Ayako

ストーリー・オブ・マイライフ/わたしの若草物語のAyakoのネタバレレビュー・内容・結末

3.6

このレビューはネタバレを含みます

もっと早く見ればよかったと思いつつ、年末のどっぷりと映画の世界に浸れるタイミングでようやく観ることができてよかったです。

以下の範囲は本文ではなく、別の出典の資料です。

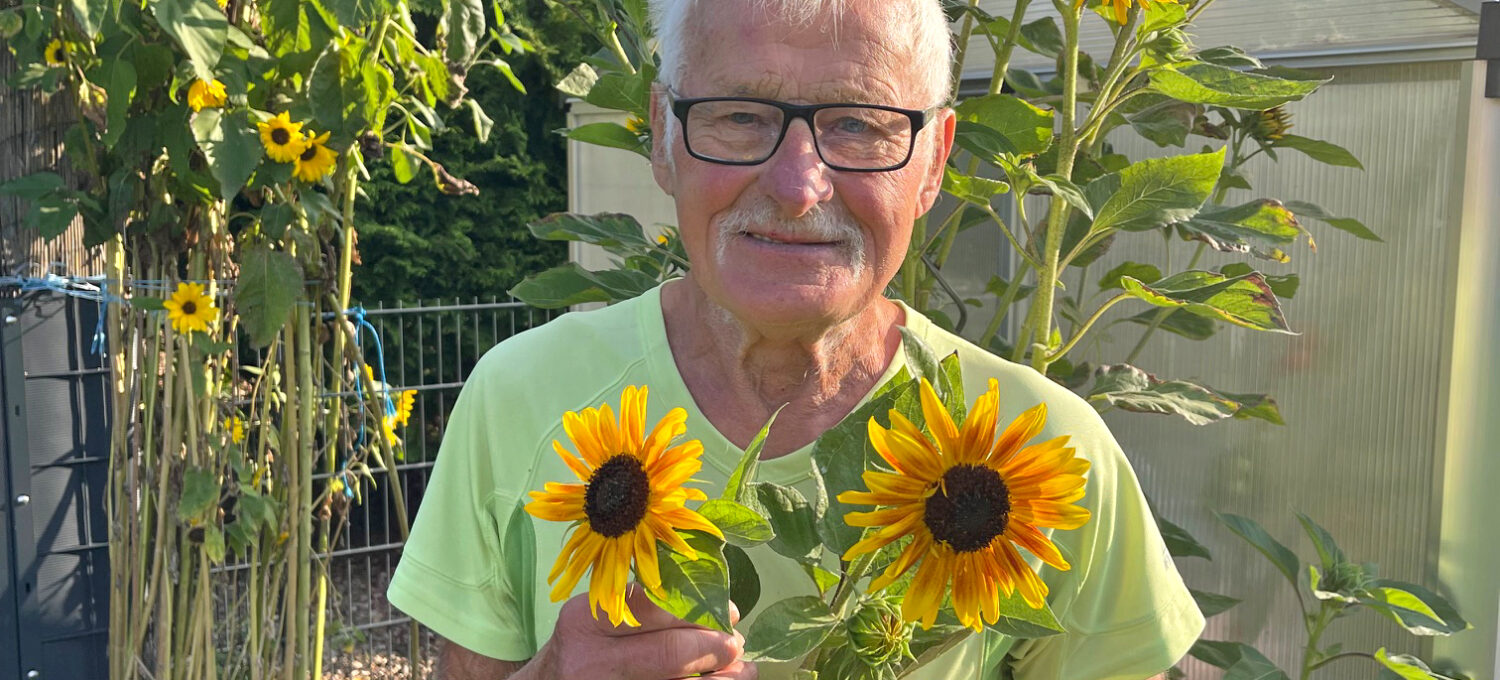 Fritz Wulf liebt seine familie und den Garten. In diesem Jahr ist er besonders stolz auf seine vier Meter hohen Sonnenblumen.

幼い頃に母に買ってもらって読んだ『若草物語』。当時は、4人姉妹の姉妹愛を描いた物語くらいにしか理解できておらず、ジョー=ボーイッシュなお転婆娘くらいにしか思っていませんでした。実際、大人としての年月を重ねた今、本作で物語を振り返ってみると、多様な女性の人生の歩み方が肯定されるようになってきている現代でもジョーってかなり先進的な女性なのではというのが、最初の感想。小説の中でさえ、結婚こそが、女主人公が辿るべきゴールであると定められていた19世紀。家族が期待していたであろう、幼馴染のローリーのプロポーズを断り、小説家としての道を歩むべく単身NYへ。なかなか、作家としての芽が出ないなかで、一度は妹のベスのために故郷に戻り、看病に専念するも、妹の看病中に書き上げた小説が念願の小説として出版されることに。出版社の熟練の編集者の言うがままに契約を行わず、相手に利権の交渉を行い、フェアな取引を勝ち取る姿も逞しい限り。(男女の賃金格差が常態化している私たちがいきる現代って何なのでしょうか。。。)また、フレデリックを呼び止め、自分の想いを伝える様子も、ハンサム。まさに自分の人生を自分で切り開いていく、ハンサムウーマン。
とはいえ、一度は断ったローリーと結婚する再チャンスを模索したり、そんな彼と妹のエイミーの婚約を知り、ショックを受けつつも平気なふりを装ったり、そんな女の心情の機微を繊細に演じたシアーシャがとても印象的でした。この辺の心の機微を絶妙な濃淡で描いているのは女性監督のなせる技かなと思ってみたり。

四姉妹の微妙なしこりというか、お互いに抱く、ざらっとした想いをさらっと表現できているのは女性監督ならではなのかなと。ジョーがマーチ四姉妹のなかで圧倒的に聡明で利発な才女であるのに対し、エイミーは常に自分がそんな姉の補欠的なポジションに甘んじるしかないことに強いコンプレックスを抱いており、ジョーが得られなかった2つのもの(伯母のヨーロッパ旅行のアテンド役・ローリーの伴侶)を手に入れた時には、口にはしないもののなんとなくの優越感、ようやく姉が手にできないものを手にした充足感みたいなものが見て取れる。(但し、過度にギスギスせず、ふんわりほのめかす程度に描かれているのがまた良い。)

あとは、マーチ夫人が当時の社会的に定義された女の幸せとは少し違う人生の幸せを手に入れようとする娘ジョーを優しく見守り続ける様子も温かく印象的でした。現代でも多くの母親がゴリ押しするであろうローリーとの復縁についても、「本当にそれが自分の幸せに合致するのか」と逆にジョーを諭す場面は印象的でした。(もしかしたら、すでにローリーとエイミーの婚約を知っていたのかもしれませんが。また、ローリーとエイミーが結婚したことに驚愕するジョーに慮るような温かい母親の眼差しを向けるマーチ夫人がとても印象的。)

ただただジョーの歩むハンサムウーマン街道を描くだけでなく、そのときそのときで弱気になったり、思い悩む心の機微も丁寧に描かれていて、とても良い作品でした。全女子にオススメしたい映画です。

キャストもとても豪華で、ジョーのシアーシャ然り、ローリー役のティモシー然り、繊細な心情描写が上手な俳優さんばかりで、あっという間に映画の世界に入り込むことができました。(まさかルイ・ガレルをこの作品でおめにかけることができるとは。。。)